For the deeper architectural picture see docs/ARCHITECTURE.md.


Quick start (Docker)

# Clone + boot the full stack (engine + Postgres + Redis + ClamAV)
git clone https://github.com/printwithsynergy/lint-pdf.git
cd lint-pdf
docker compose up -d

# Wait for /ready to return 200
curl http://localhost:8000/ready
# {"status":"ok","database":"connected","redis":"connected"}

The compose stack is a single-node OSS deploy with Celery worker + beat + ClamAV sidecar. For production / HA topology see docs/DEPLOYMENT.md.


Quick start (Python)

# 3.11+ required
pip install lintpdf

# Or pin to a specific git ref:
#   pip install "lintpdf @ git+https://github.com/printwithsynergy/lint-pdf.git@main"

# Minimum env (production refuses to boot without these)
export LINTPDF_SAAS_MODE=false
export LINTPDF_SECRET_KEY=$(openssl rand -hex 32)
export LINTPDF_DATABASE_URL=postgresql://user:pass@localhost/lintpdf
export LINTPDF_REDIS_URL=redis://localhost:6379/0

# Boot the API
uvicorn lintpdf.api.app:create_app --factory --host 0.0.0.0 --port 8000

A complete environment-variable reference and the OSS-mode hard fails (production secret key + CORS wildcard) live in docs/DEPLOYMENT.md.


Submit your first PDF

# 1. Submit
curl -X POST http://localhost:8000/api/v1/jobs \
  -F "file=@artwork.pdf" \
  -F "profile_id=lintpdf-default"
# { "job_id": "job_abc…", "status": "queued" }

# 2. Poll
curl http://localhost:8000/api/v1/jobs/job_abc…
# { "id": "job_abc…", "status": "completed", "verdict": "pass_with_warnings", … }

# 3. One-call snapshot (job + reports + annotations + verdicts)
curl http://localhost:8000/api/v1/jobs/job_abc…/state | jq .

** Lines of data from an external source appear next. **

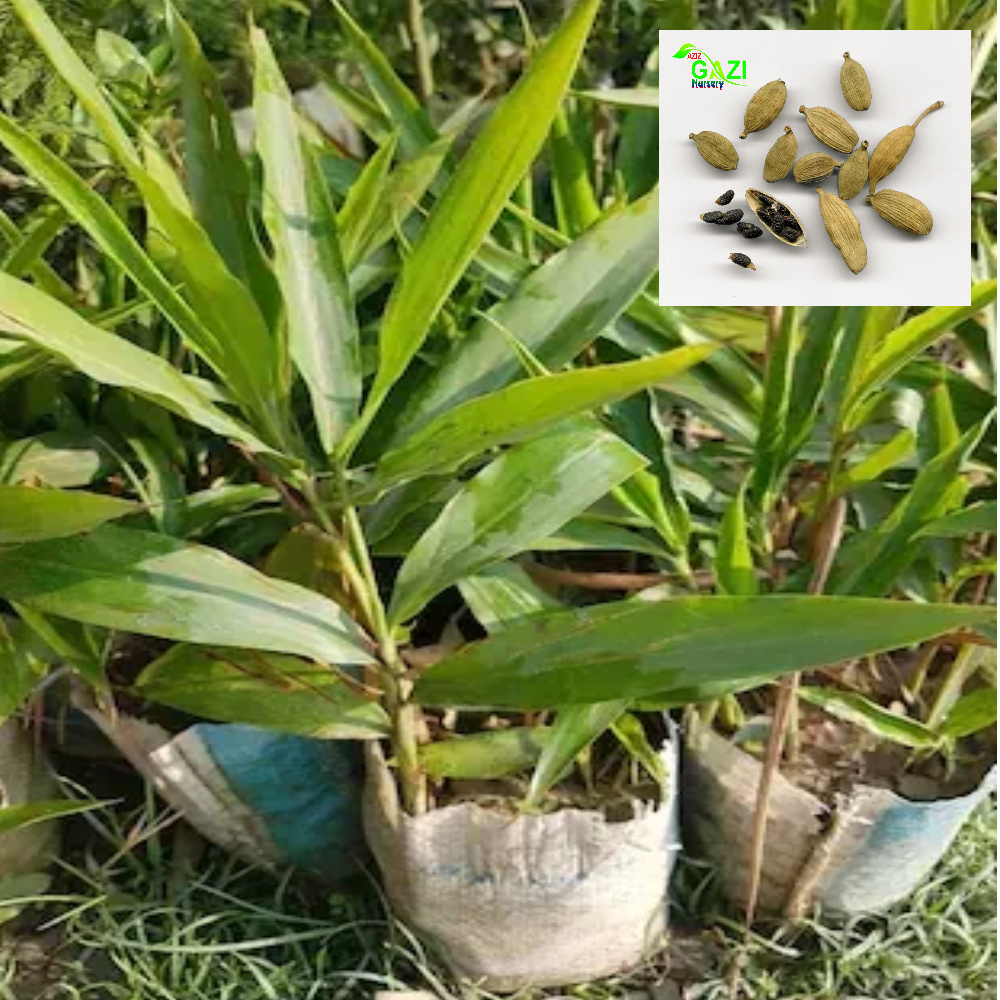Elaichi Cardamom Spice Live Plants & Tree(1-2 Feet Size)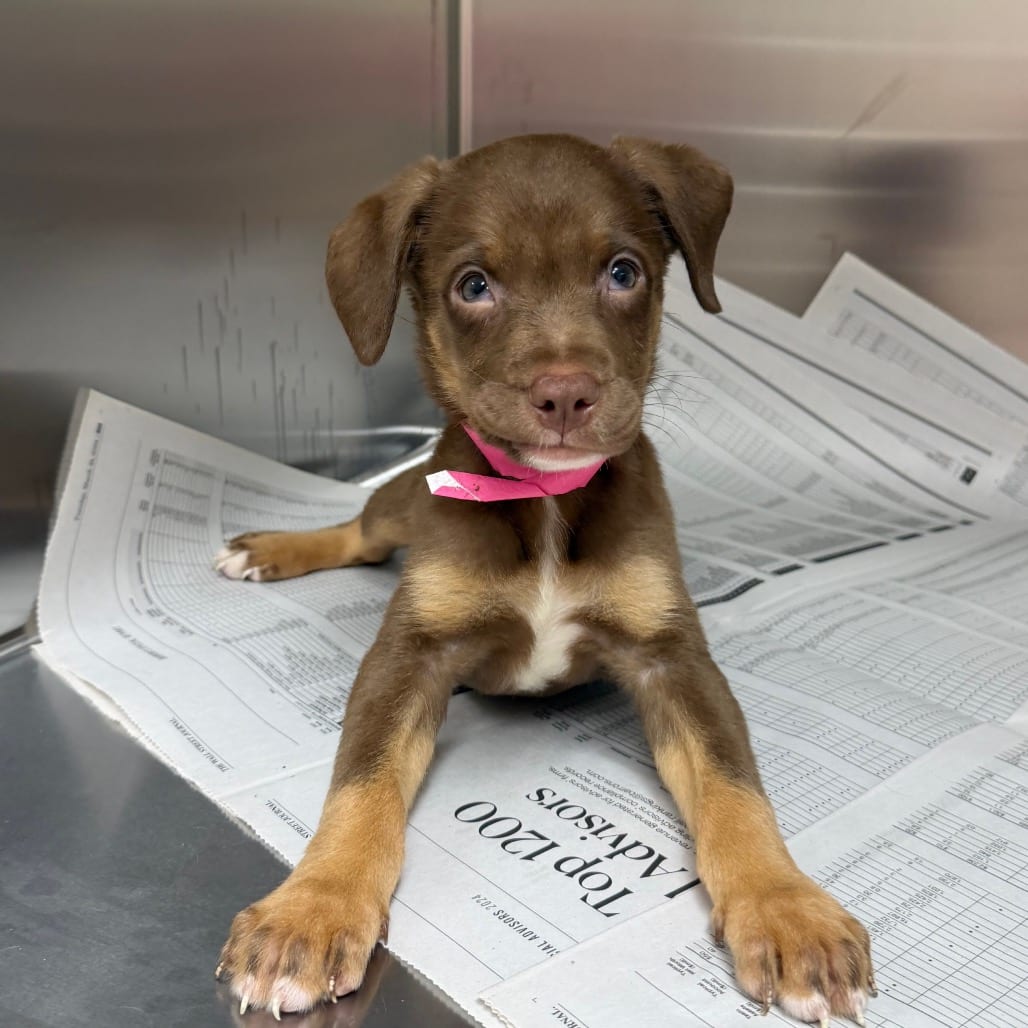 Photo of Copper, adoptable Retriever, Labrador / Mixed Breed (Medium) in Staunton, Virginia
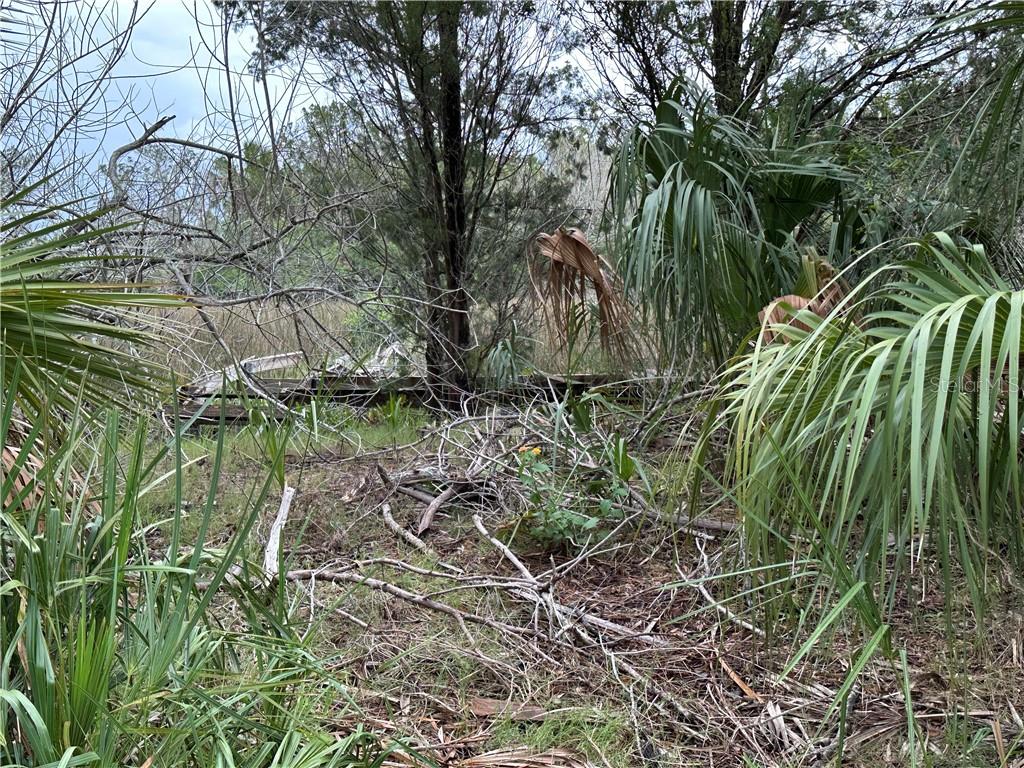 12345 W Standish DRIVE, HOMOSASSA, FL — photo 2 of 6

The OSS engine boots without multi-tenant auth out of the box — see docs/DEPLOYMENT.md#auth-in-oss-mode to wire in your own auth (single-user, OIDC, basic auth, or a custom tenant resolver).


Documentation

Doc Covers
docs/ARCHITECTURE.md Component layout, request flow, the three-scope toggle cascade, snapshots, AI tier model.
docs/DEPLOYMENT.md Self-hosting reference: env vars, services, Docker / Railway / single-node, OSS-mode toggle, security gates, backups.
docs/EXTENDING.md Service overrides (email / entitlements / billing / auth) and analyzer plugin authoring quick reference.
docs/plugin-api.md Full plugin Protocol reference — manifest fields, AnalyzerContext, banned imports, capability providers.
docs/CONTRIBUTING.md Dev environment setup, test conventions, commit / PR style, the engine-purity tripwire.
docs/audit-phase1.md Engineering record of the Phase 1 plugin-protocol refactor (background reading).

The hosted product's customer-facing docs (workflows, rulesets, brand profiles, integrations) live at lintpdf.com/docs.


Licensing

LintPDF is licensed under the GNU Affero General Public License v3.0 or later (AGPL-3.0+).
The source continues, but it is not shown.